Where to stay: For some well-deserved relaxation, reserve a cottage at Blue Pigeon Resort. With amenities like a saltwater swimming pool, boat rentals and designated campfire spots, the resort is an ideal place to slow down and take in some gorgeous sunsets.
The highlands are known for their stunning rock faces, lakes, valleys and unique outdoor activities. The population more than triples during the warmer months of the year, but there’s still more than enough space for everyone to enjoy the great outdoors. And there’s plenty of great food to enjoy, from woodfired pizza from Into the Blue Bakery at the Haliburton County Farmers’ Market to the Reuben sandwich of McKeck’s, a cottage country institution that was originally opened by Toronto Maple Leaf player Walt McKechnie. Beer lovers will want to chill out with a pint of Spruce Kveik – flavoured with locally-foraged spruce tips, of course – at award-winning micro-brewery Haliburton Highlands Brewing. And if you’re camping or renting a cottage, the fresh and frozen options at AM/PM Outdoor Gourmet are made with local ingredients, and can easily be heated and served. Try the sundried white bean salad and the Jamaican jerk wings.

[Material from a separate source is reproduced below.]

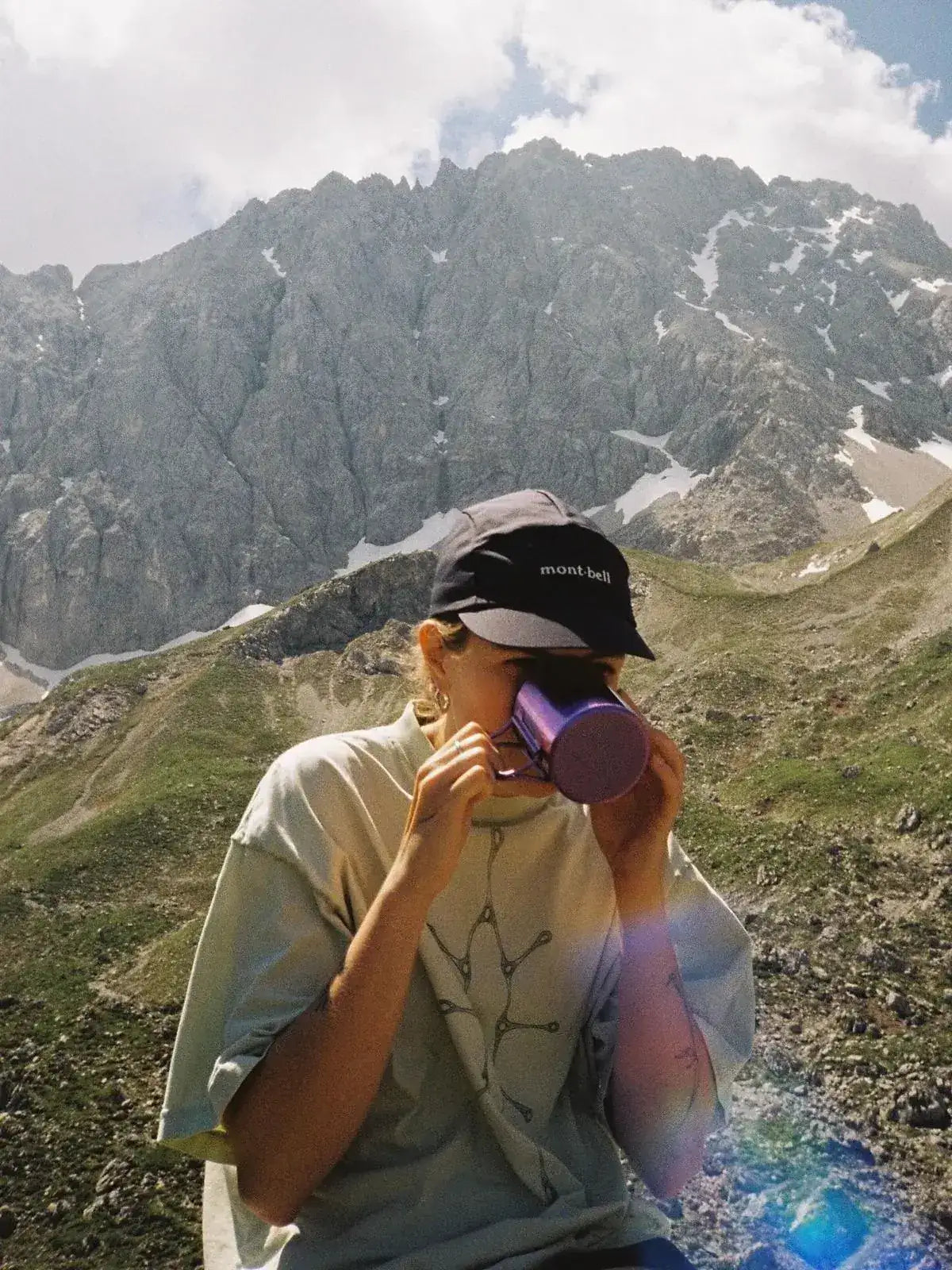 Une randonneuse boit dans sa tasse face aux sommets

What to do: Take in some incredible views on the Haliburton Forest Canopy Tour, a four-part adventure that begins with a scenic drive through the forest (in your own car). Next, you’ll canoe across a lake and go for a guided walk along the Pelaw River Rapids before the best part: climbing 20 metres up into the treetops. The canopy boardwalk is over half a kilometre long (the longest of its kind in the world) and offers breathtaking views of Haliburton Forest. Later, catch a flick at Highland Cinemas Kinmount, a museum and movie theatre in one. Get there early to check out the impressive collection of film memorabilia and projectors. The Haliburton Sculpture Forest is a great place to take in some local art in a beautiful, natural setting, and it’s budget friendly, too. The entry fee is donation-based and there are free guided tours in July and August. The collection is made up of works by Canadian and international artists.
Where to stay: The Lakeview Motel in Haliburton is the perfect place to unwind after a long day spent exploring, especially if you book a room with an outdoor jacuzzi! Its country-style rooms are cozy and comfortable – and pets are welcome here, too.